McCormick & Co. Inc. said yesterday that it posted strong foreign sales for the fiscal fourth quarter and the year that helped offset higher raw materials costs and a weakness in the restaurant industry at home.
The Sparks spice maker said net income rose to $87.6 million, or 67 cents a diluted share, in the quarter that ended Nov. 30. That compared with $83.1 million, or 62 cents a share, for the fourth quarter in 2006. Excluding charges related to the company's restructuring, earnings were 75 cents a share compared with 62 cents for the fourth quarter of 2006.
Net sales grew 7 percent to $860.1 million from $803.7 million. McCormick's final three months of fiscal 2007 were affected by a decision to ship $10 million in holiday products during the third quarter to make distribution during the company's busiest season more efficient.
For the fiscal year, McCormick reported a profit of $230.1 million, or $1.73 a diluted share, compared with $202.2 million, or $1.50 a share, for the comparable fiscal year. Sales rose 7 percent to $2.9 billion from $2.7 billion, driven by higher volume in Europe and Asia and a favorable exchange rate.
While international sales rose 7.1 percent in local currency, U.S. sales were up 2.7 percent. The industrial business was affected by weaker sales in the restaurant segment in part because consumers are eating out less due to the economic slowdown, McCormick said. The consumer side was unfavorably affected by the introduction of a private label line by a large warehouse club customer.
And the rising cost of black pepper, flour, cheese and soybean oil ate into margins before price increases took hold, McCormick chief executive Alan D. Wilson said yesterday during a conference call with analysts.
For 2008, McCormick expects earnings per share to climb 8 percent to 10 percent, in the range of $1.97 to $2.01 a share, which includes a restructuring charge of 10 cents. Sales are expected to increase 4 percent to 6 percent, with consumer sales on the upper end of the forecast and industrial sales on the lower end, Wilson said.
Also in 2008, McCormick hopes to close on its $605 million deal with Unilever PLC to buy the Lawry's and Adolph's brands of seasonings and marinades, which would contribute to earnings this year. The 2008 forecast was lower than analysts had expected but Wilson said it did not include the Lawry's acquisition, which is still under regulatory review.
Analyst Ann Gilpin of Morningstar Inc. said McCormick chose to increase prices later than its competitors. But she said McCormick, which is North America's largest manufacturer of private-label products, should fare better during the economic downturn than other packaged food companies such as Kellogg and Kraft, which suffer when consumers "trade down" to store brands.

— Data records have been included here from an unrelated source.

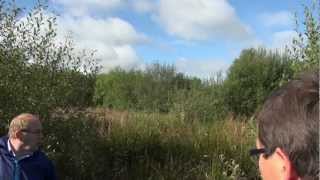 Återställning av mossmark Irland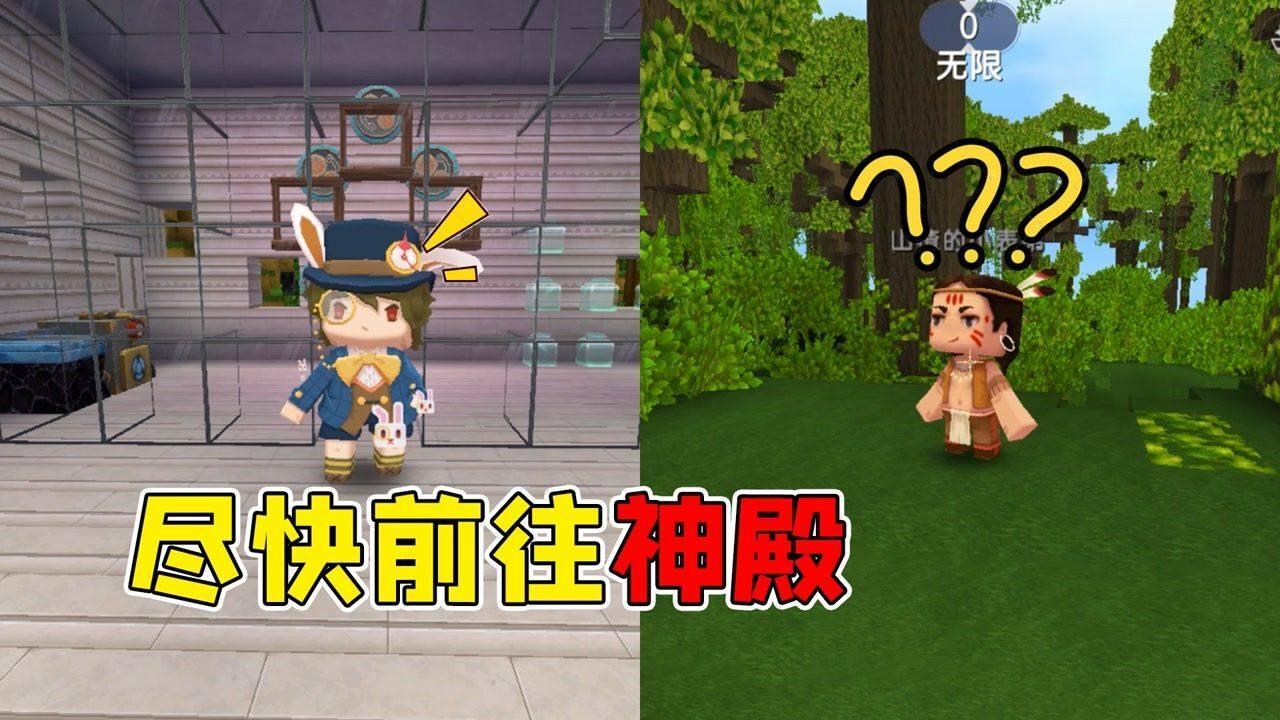 中国哪个动物园大熊猫最多?最新花名册来了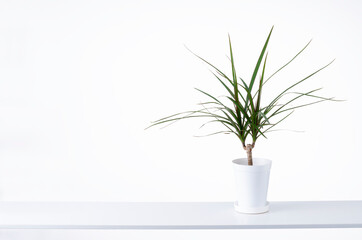 観葉植物と白背景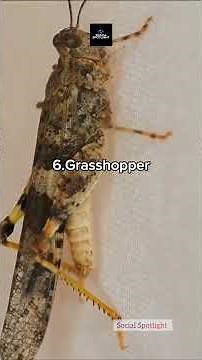 🐛🔊10 Weirdest Insect Sounds You Won't Believe!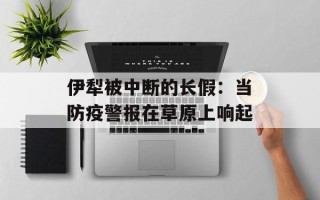 伊犁被中断的长假：当防疫警报在草原上响起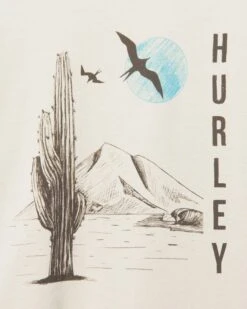 Everyday Explore Lunch Time Dreamin T-Shirt -Hurley mts0033860 bone 3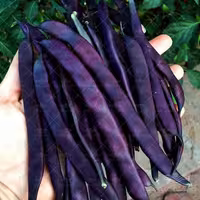 لوبیا بنفش کارمینات آمریکایی خانگی 10 عددی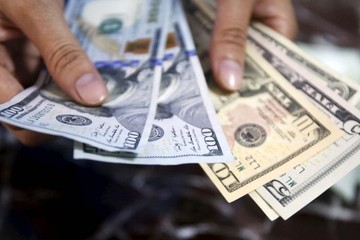 عرضه بیش از ۴۲۰ میلیون یورو به سامانه نیما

"Having one foot in international sales and the other in private label will help them weather short-term volatility," said Gilpin, who does not own shares in McCormick or its competitors.
A three-year restructuring effort started in 2006 is ahead of schedule, Wilson said, having saved the company $45 million so far. It included closing plants and laying off as many as 1,000 employees. The company hopes to save another $10 million before the effort wraps up this year.
McCormick shares rose 30 cents yesterday to close at $34.91.